The architecture of JCS-Net

The loss of JCS-Net is the joint of two sub-networks. The loss of super-resolution sub-network can be calculated by mean squared error as:
$$\displaystyle \begin{aligned} L_{similarity} = \frac{1}{n}\sum_{i=1}^{n}||{\mathbf{y}}_i-F({\mathbf{x}}_i)||{}^2, \end{aligned} $$
(25)
where yi is large-scale pedestrian, xi is small-scale pedestrian, F(xi) is the reconstructed pedestrian by super-resolution sub-network, and n is the number of training samples. The loss of classification can be written as:
$$\displaystyle \begin{aligned} L_{cls} = \frac{1}{n}\sum_{i=1}^{n}-\log p_c({\mathbf{x}}_i), \end{aligned} $$
(26)
where c is the ground-truth label of xi and pc(xi) is the probability that xi belongs to class c. Based on Lsimilarity and Lcls, the joint loss of JCS-Net (i.e., LJCS) can be expressed as:
$$\displaystyle \begin{aligned} L_{JCS} = L_{cls}+\lambda L_{similarity}, \end{aligned} $$
(27)
where λ is used to balance two terms (i.e., Lcls and Lsimilarity) which is set to be 0.1 by cross-validation.
To detect multi-scale pedestrians, multi-scale MCF can be trained based on JCS-Net or original HOG+LUV and VGG16. Generally, MCF-V is trained based on original HOG+LUV and VGG16, which is used for large-scale pedestrian detection. MCF-J is trained based on JCS-Net, which is used for small-scale pedestrian detection. Figure 27 gives an illustration of multi-scale MCF. Pedestrians of different scales are divided into several different subsets (i.e., subset 1, subset 2, …, subset N) according to the height of pedestrians. The different subsets can contain some overlapped images. In Fig. 27, two detectors on subset 1 and subset 2 are trained based on MCF-J. The other detectors are trained based on MCF-V. In the test stage, the detection results of each detector are added together before NMS.
Fig. 27

The illustration of multi-scale MCF

The original pedestrians on Caltech training set are split into three different subsets, which are called “train-all,” “train-small,” and “train-large,” respectively. “Train-all” subset contains all the pedestrians, “train-small” subset contains the pedestrians under 100 pixels tall and the interpolated pedestrians over 100 pixels tall, and “train-large” subset contains the pedestrians over 80 pixels tall. The two subsets of Caltech test set (i.e., reasonable and small) are used for evaluation. The reasonable test set means that pedestrians are over 50 pixels tall under no or partial occlusion, and the small test set means that pedestrians are under 100 pixels tall and over 50 pixels tall. Namely, the small test set belongs to the reasonable test set.

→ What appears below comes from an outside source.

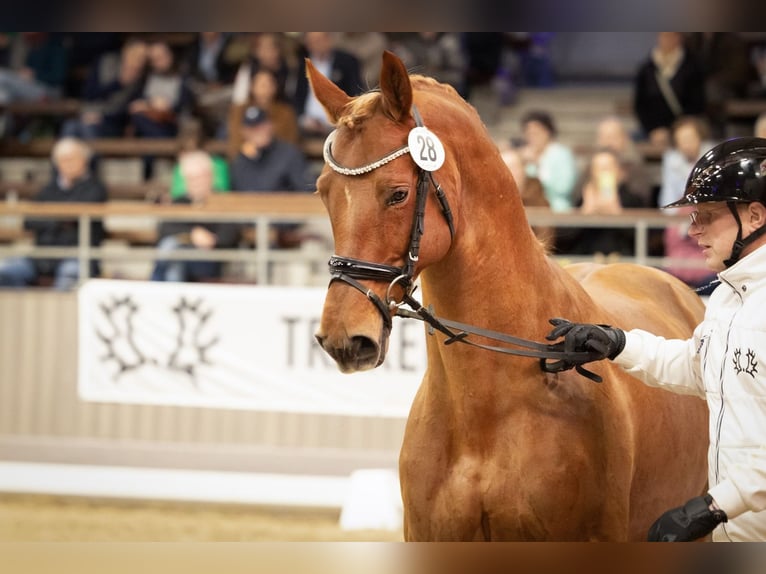 Trakehner Hengst Dunkelfuchs in Wolfhagen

Table 7 shows the miss rates of MCF-V and MCF-J trained on “train-small” training set. MCF-J outperforms MCF-V on the reasonable test set and the small test set, especially on the small test set. Two ablation experiments are also conducted: (1) The first one is that setting λ of (27) is 0, which aims to show the influence of depth of JCS-Net. It is called MCF-C. (2) The second one is that the super-resolution sub-network and classification sub-network are not jointly trained, which aims to show the importance of the joint multitask training. It is called MCF-S. Both MCF-C and MCF-S are superior to MCF-V and inferior to MCF-J. It means that though deeper depth and simple super-resolution can improve detection performance, the joint multitask training of JCS-Net is important, which can further improve detection performance.
Table 7

Miss rates (MR) of MCF-V and MCF-J are shown on Caltech test set. MCF-V is learned based on HOG+LUV and the fine-tuned VGG16. MCF-J is learned based on HOG+LUV and the proposed JCS-Net

Method

Training set

Reasonable

Small

MCF-V

“train-small”

13.20%

14.28%

MCF-J

“train-small”

11.07%

11.72%

ΔMR

2.13%

2.56%

Ablation experiments

MCF-C

“train-small”

12.23%

13.02%

MCF-S

“train-small”

12.65%

13.50%

Based on three training sets (i.e., “train-all,” “train-small,” and “train-large”), MS-V and MS-J are trained. They both contain three different detectors. The difference is that on “train-small” training set, MS-V uses MCF-V, and MS-J uses MCF-J. Table 8 shows the miss rates of MS-V and MS-J on Caltech test set. The miss rates of MS-J have 0.86% and 0.91% lower than that of MS-V on reasonable test set and small test set. It demonstrates the effectiveness of MS-J.
Table 8

Miss rates (MR) of MS-V and MS-J are shown on Caltech test set. MS-V means multi-scale MCF based on fine-tuned VGG16. MS-J means multi-scale MCF based on JCS-Net

Method

Detectors

Training set

Reasonable

Small

 

MCF-V

“train-small”

  

MS-V

MCF-V

“train-large”

9.67%

10.48%

 

MCF-V

“train-all”

  
 

MCF-J

“train-small”

  

MS-J

MCF-V

“train-large”

8.81%

9.57%

 

MCF-V

“train-all”

  

ΔMR

0.86%

0.91%

Finally, MS-J is compared to some state-of-the-art methods (i.e., Roerei [2], ACF [16], LDCF [43], TA-CNN [59], Checkerboards [73], DeepParts [58], CompACT-Deep [4], and MS-CNN [5]) on Caltech test set. Figure 28 shows the ROC. MS-J achieves state-of-the-art performance, which outperforms MS-CNN by 1.14%.
Fig. 28

ROC on Caltech test set. MS-J is compared to some state-of-the-art methods

4.2 Occlusion Problem

Object occlusion is very common. For example, in [15], Dollar et al. found that most pedestrians (about 70%) in street scenes are occluded in at least one frame. Thus, detecting occluded object is very necessary and important for computer vision application. In the past decade years, researchers have done many attempts to solve occlusion problem.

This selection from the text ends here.